From: Xuan Zhuo <xuanzhuo@linux.alibaba.com>
To: netdev@vger.kernel.org, bpf@vger.kernel.org
Cc: "Björn Töpel" <bjorn@kernel.org>,
"Magnus Karlsson" <magnus.karlsson@intel.com>,
"Jonathan Lemon" <jonathan.lemon@gmail.com>,
"David S. Miller" <davem@davemloft.net>,
"Jakub Kicinski" <kuba@kernel.org>,
"Alexei Starovoitov" <ast@kernel.org>,
"Daniel Borkmann" <daniel@iogearbox.net>,
"Jesper Dangaard Brouer" <hawk@kernel.org>,
"John Fastabend" <john.fastabend@gmail.com>,
"Andrii Nakryiko" <andrii@kernel.org>,
"Martin KaFai Lau" <kafai@fb.com>,
"Song Liu" <songliubraving@fb.com>, "Yonghong Song" <yhs@fb.com>,
"KP Singh" <kpsingh@kernel.org>,
"Willem de Bruijn" <willemb@google.com>,
"Xie He" <xie.he.0141@gmail.com>,
"Eric Dumazet" <edumazet@google.com>,
"John Ogness" <john.ogness@linutronix.de>,
"Wang Hai" <wanghai38@huawei.com>,
"Xuan Zhuo" <xuanzhuo@linux.alibaba.com>,
"Tanner Love" <tannerlove@google.com>,
"Eyal Birger" <eyal.birger@gmail.com>,
"Menglong Dong" <dong.menglong@zte.com.cn>
Subject: [PATCH bpf-next] xsk: support AF_PACKET
Date: Fri, 28 May 2021 14:08:13 +0800 [thread overview]
Message-ID: <20210528060813.49003-1-xuanzhuo@linux.alibaba.com> (raw)
In xsk mode, users cannot use AF_PACKET(tcpdump) to observe the current
rx/tx data packets. This feature is very important in many cases. So
this patch allows AF_PACKET to obtain xsk packages.
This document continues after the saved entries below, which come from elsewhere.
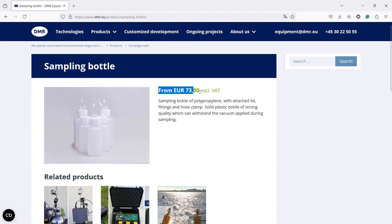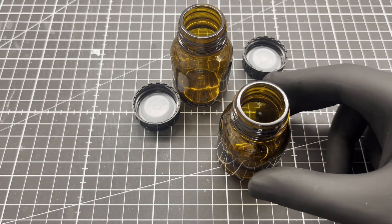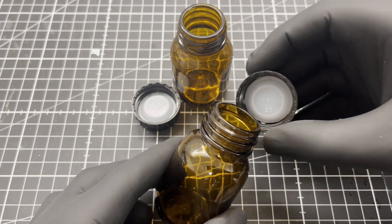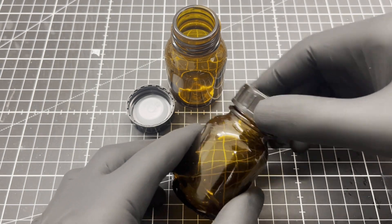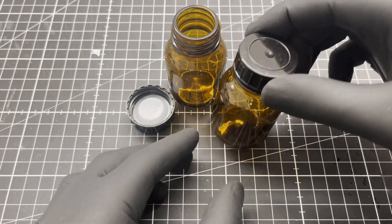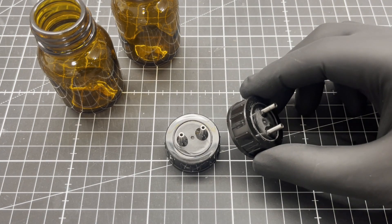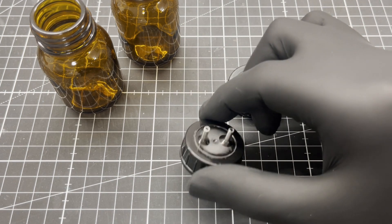Next we are moving on to the sampling bottles, but why the heck are they so expensive? Fortunately they are easy to make. I use cheap 50ml amber glass wide neck bottles with glue caps. After drilling the corresponding holes into the caps, I glued two small stainless steel tubes into each.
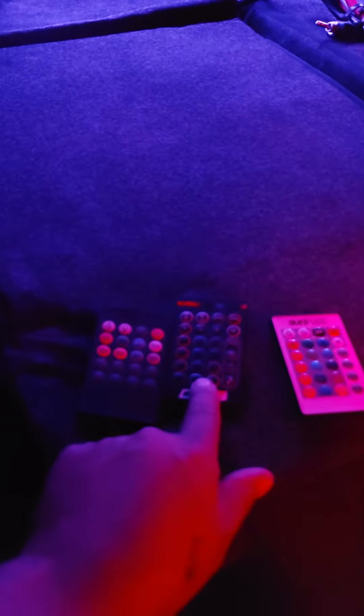Yeah, it's three different remotes for all the lights on my car. This one's for the undercarriage. This one's for the flooring, so I can change those as well.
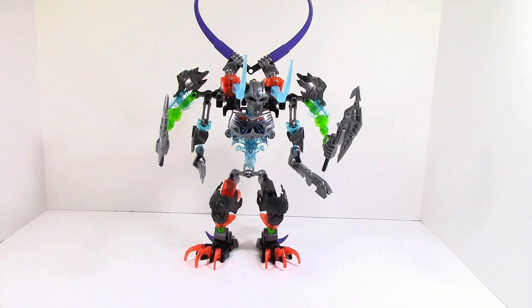What's up guys, Ancient Masters here today with the combination model for Skull Warrior, Skull Basher, and Skull Slicer.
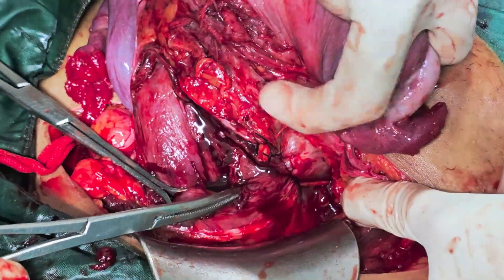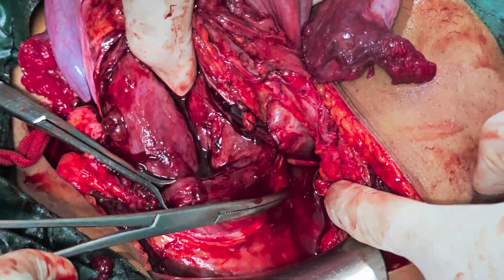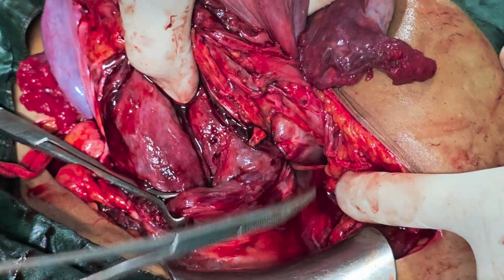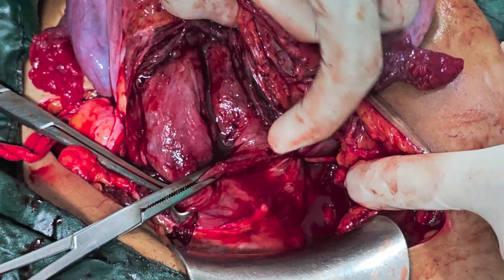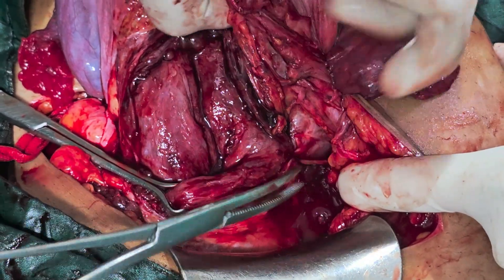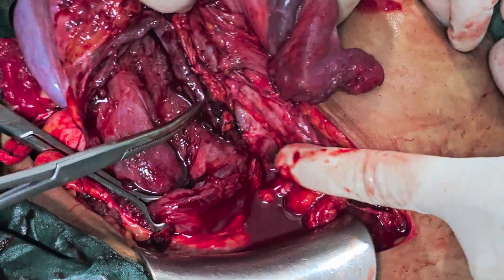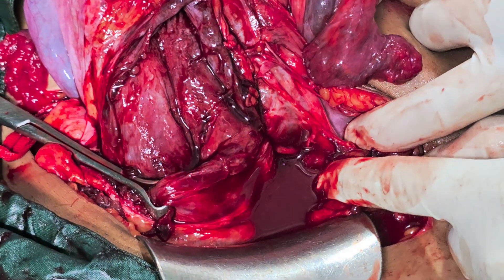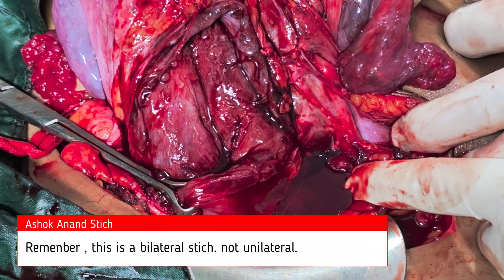Now, can you see this? This has caused an en-bloc closure. En-bloc means a complete block of the blood vessels that are coming to the lower segment. To repeat: 2cm below the cut edge laterally — first bite, come out posteriorly. Then 2cm above, insert the needle again and come out at the same point and put a stitch there. This is nothing but the Ashokanan stitch.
By default, AF_PACKET is based on ptype_base/ptype_all in dev.c to
obtain data packets. But xsk is not suitable for calling these
callbacks, because it may send the packet to other protocol stacks. So
the method I used is to let AF_PACKET get the data packet from xsk
alone.
Signed-off-by: Xuan Zhuo <xuanzhuo@linux.alibaba.com>
---
include/net/xdp_sock.h | 15 +++++
net/packet/af_packet.c | 35 +++++++++--
net/packet/internal.h | 7 +++
net/xdp/Makefile | 2 +-
net/xdp/xsk.c | 9 +++
net/xdp/xsk_packet.c | 129 +++++++++++++++++++++++++++++++++++++++++
net/xdp/xsk_packet.h | 44 ++++++++++++++
7 files changed, 234 insertions(+), 7 deletions(-)
create mode 100644 net/xdp/xsk_packet.c
create mode 100644 net/xdp/xsk_packet.h
diff --git a/include/net/xdp_sock.h b/include/net/xdp_sock.h
index 9c0722c6d7ac..b0acf0293132 100644
--- a/include/net/xdp_sock.h
+++ b/include/net/xdp_sock.h
@@ -17,6 +17,11 @@ struct net_device;
struct xsk_queue;
struct xdp_buff;
+struct xsk_packet {
+ struct list_head list;
+ struct packet_type *pt;
+};
+
struct xdp_umem {
void *addrs;
u64 size;
@@ -79,6 +84,8 @@ struct xdp_sock {
int xsk_generic_rcv(struct xdp_sock *xs, struct xdp_buff *xdp);
int __xsk_map_redirect(struct xdp_sock *xs, struct xdp_buff *xdp);
void __xsk_map_flush(void);
+void xsk_add_pack(struct xsk_packet *xpt);
+void __xsk_remove_pack(struct xsk_packet *xpt);
#else
@@ -96,6 +103,14 @@ static inline void __xsk_map_flush(void)
{
}
+void xsk_add_pack(struct xsk_packet *xpt)
+{
+}
+
+void __xsk_remove_pack(struct xsk_packet *xpt)
+{
+}
+
#endif /* CONFIG_XDP_SOCKETS */
#endif /* _LINUX_XDP_SOCK_H */
diff --git a/net/packet/af_packet.c b/net/packet/af_packet.c
index 597d798ac0a5..2720b51d13a6 100644
--- a/net/packet/af_packet.c
+++ b/net/packet/af_packet.c
@@ -303,10 +303,14 @@ static void __register_prot_hook(struct sock *sk)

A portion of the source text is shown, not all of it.